Member of the Legislative Assembly of Manitoba for Flin Flon
- In office May 14, 1959 – June 25, 1969
- Preceded by: Bud Jobin
- Succeeded by: Thomas Barrow

Personal details
- Born: Charles Hubert Witney July 12, 1919 Moose Jaw, Saskatchewan
- Died: May 21, 1991 (aged 71) Nepean, Ontario
- Party: Progressive Conservative

= Charles Witney =

Canadian politician

Charles Hubert (Buck) Witney (July 12, 1919 – May 21, 1991) was a politician in Manitoba, Canada. He was a Progressive Conservative member of the Legislative Assembly of Manitoba from 1959 to 1969, and served as a cabinet minister in the governments of Dufferin Roblin and Walter Weir.

Witney was born in Moose Jaw, Saskatchewan. The son of Percy Howard Witney and Winnifred Marion Herrington, Witney was educated at Technical High School in Moose Jaw, and did not attend university. During World War II, he served as a radar mechanic in the Royal Canadian Air Force. In 1947, Witney married Vera Ruby Matthews. He moved to Flin Flon in 1949. Prior to his election, he was a star personality at CFAR, at the time the only radio station in Flin Flon.

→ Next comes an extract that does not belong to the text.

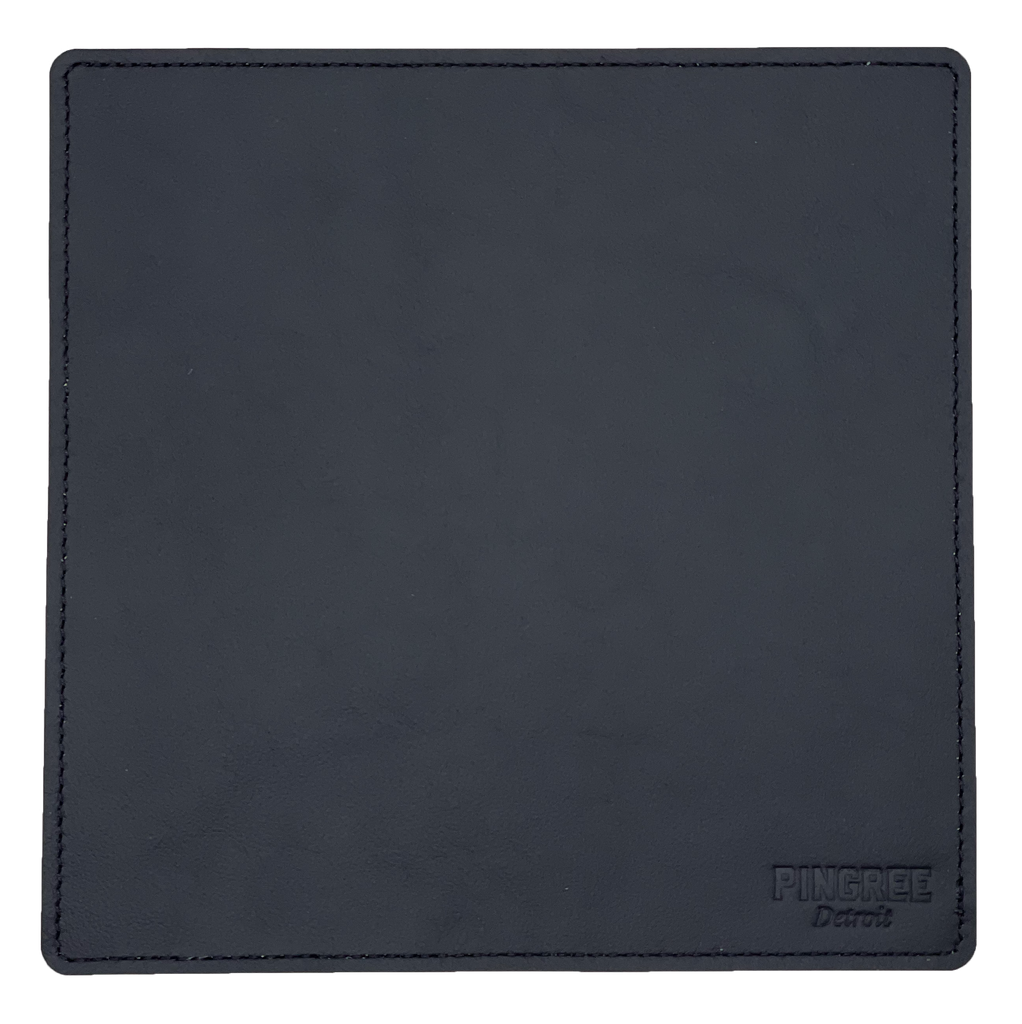Pingree’s mouse pad in onyx manufactured from ecofriendly repurposed automotive leather.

Known as a populist, he first ran for the Manitoba legislature in the 1958 provincial election, against Liberal-Progressive Francis Bud Jobin in the riding of Flin Flon. He lost, but defeated Jobin in the 1959 provincial election, as the Progressive Conservatives won a majority government under the leadership of Dufferin Roblin. Witney defeated Jobin, who later served as Lieutenant Governor of Manitoba. He was appointed Minister of Mines and Natural Resources on August 7, 1959.

Re-elected in the 1962 provincial election, Witney was appointed Minister of Health on December 9, 1963. He held this position for the remainder of Roblin's time in office, and was retained in the portfolio when Walter Weir succeeded Roblin as Premier in 1967. Many aldermen in Winnipeg found him extremely stubborn on health-related matters. On September 24, 1968, he was transferred to the Ministry of Labour.

He was defeated by New Democratic Party candidate Thomas Barrow in the 1969 provincial election, and did not seek re-election after that time.

In 1969, Witney moved to Toronto, where he served as executive director of the Canadian School Trustees Association. He moved to Ottawa when the association moved its office there in 1975. Witney died at home in Nepean at the age of 71.